Présentation de l'éditeur :
2nd edition: This book belongs, in the words of Henning Mankell, 'in the shadowy world where history and imagination merge'... It was a sunny Saturday lunchtime in June 1944. Most of the inhabitants of a sleepy village situated in the ‘Free Zone’ of war-ravaged France were sitting down to a leisurely meal. Without warning, an attachment of Das Reich soldiers (the elite force of the Nazi’s Waffen-SS division) arrived. Hours later, 642 defenceless people had been massacred; their homes were smouldering ruins. From these embers emerged real, life-affirming stories of survival as individuals defied machine-guns, snipers, explosives and burning buildings to escape the clutches of the deadly wolf’s hook (the Das Reich emblem). Aimed at readers of twelve years or older, Wolf’s Hook is a factionalised account of the Das Reich attack on an innocent village.
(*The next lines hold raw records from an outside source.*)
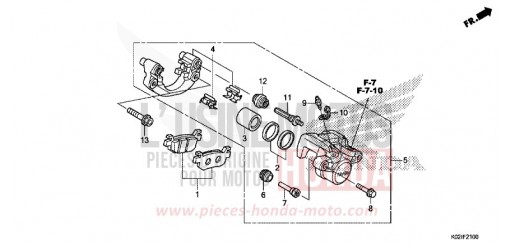 REAR BRAKE CALIPER SH150G de 2016
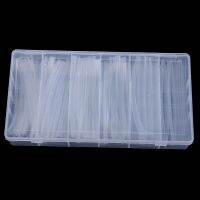 ☎™ 150Pcs 100mm 2:1 Heat Shrink Tubing Polyolefin Transparent Tube Sleeving Wrap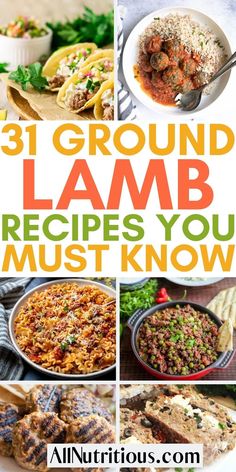 31 ground lamb recipes you must know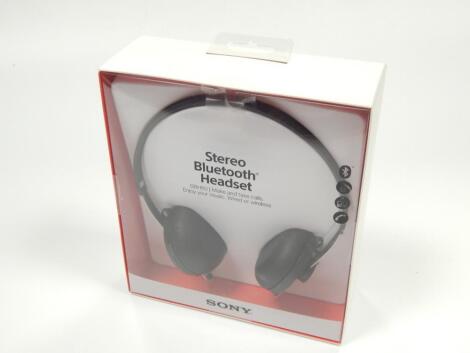 A Sony Stereo Bluetooth headset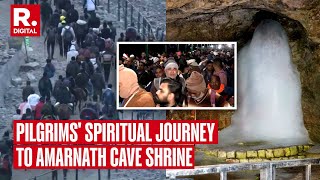 Amarnath Yatra Chants amp Hymns Echo As 52day Pilgrimage Begins  Jammu amp Kashmir  Details [upl. by Demahom977]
It recaptures the essence of what happened that day, using four first-person narrative strands: a waiter, a young boy, an SS soldier and a grandmother. Through their eyes we see the terrifying day unravel.
Biographie de l'auteur :
Rodney Marshall is married with two children, Jessica and Tomas. He divides his time between rural Suffolk (where he teaches English and creative writing at OBH) and South West France. He has written articles for The Sunday Times, property magazines and fanzines. He is the author of Blurred Boundaries, a study of Ian Rankin’s Rebus series. Wolf’s Hook is his first work of fiction. His father, from whom he gained a love of books and stories, is a well-known television and film writer, most famous for his work on The Avengers, The Sweeney and Lovejoy.